Poster of the Oscar-winning documentary 'Kukan': The Battle Cry of China [Photo: agencies] |
The Oscar winner 'Kukan': The Battle Cry of China, was filmed by American correspondent Rey Scott in the 1930s. The 85-minute movie premiered at the China Three Gorges Museum in southwest China's Chongqing municipality on Tuesday.
It was played for an audience of around 200, mostly scholars and students.
"It was heart-shaking," said Zhang Jin, a professor with Chongqing University who attended the screening. "In the past, young Chinese people could only learn that part of history through books and imagine what happened. The film gives them a chance to actually see it."
Sponsored by Chinese American filmmaker Li Ling-Ai, Scott visited China four times beginning in 1937, where he recorded the destruction of Japanese invaders and the hardship of ordinary people in war-torn China.
The movie premiered in the United States in 1941 and was watched by late U.S. President Franklin Roosevelt.

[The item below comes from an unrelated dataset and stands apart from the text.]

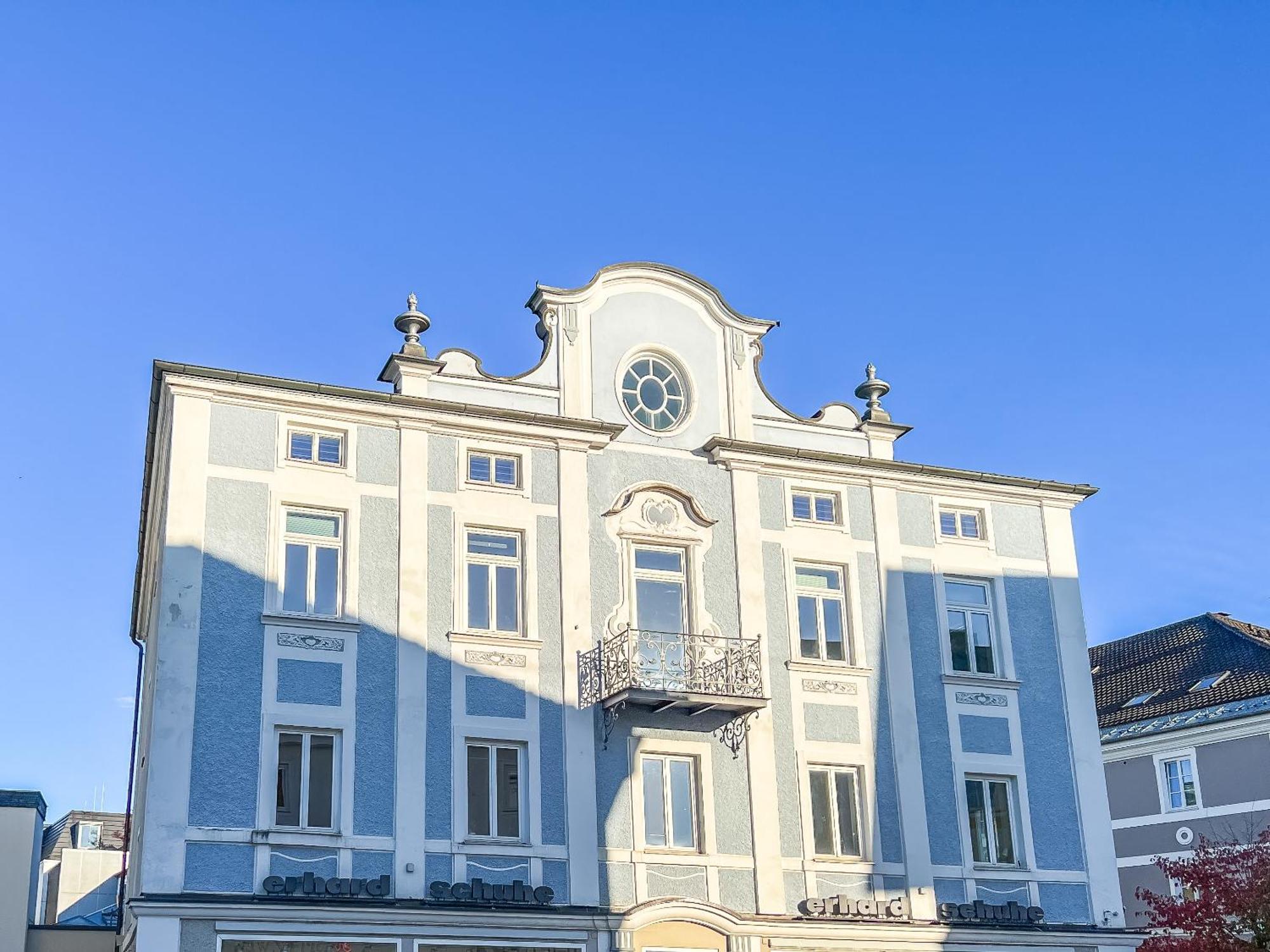 Loft-Wohnung Im Herzen Von Prien - 100M2 - Smarttv Kültér fotó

Scott won an Academy Honorary Award for producing the film "with a 16mm camera under the most difficult and dangerous conditions".
The film contains 17-plus minutes showing a two-day air attack by the Japanese invaders in Chongqing, China's wartime capital after the Japanese invasion, in August 1940. Scott managed to record the scenes from the roof of the U.S. embassy. He also filmed the debris and blaze after the bombing.
Zhou Yong, director of the research and collaborative innovation center in Chongqing, said it was his first time to see such vivid depictions of the bombing.
"It was shocking," he said. "Rather than filming the battlefield, the movie focused on the struggle of ordinary people, on how unyielding they were during the war."
The movie has never been screened in China and was considered lost after World War II.
It was re-discovered by Chinese American filmmaker Robin Lung, who spent six years searching for the complete copy of the film and another three years repairing it.
The research and collaborative innovation center of Chongqing has acquired the right of using it for 20 years in China, including the mainland, Hong Kong, Macao and Taiwan.
The year 2015 marks the 70th anniversary of the end of the WWII. In Chongqing, screening of the film will be moved to Hongyan Revolutionary Memorial Hall, a museum dedicated to the Chinese People's War of Resistance Against Japanese Aggression in the city.
Chongqing TV has decided to run it later this year, said Zhou Bo, deputy head of the publicity department of Chongqing. Several other provincial television stations also applied to use it.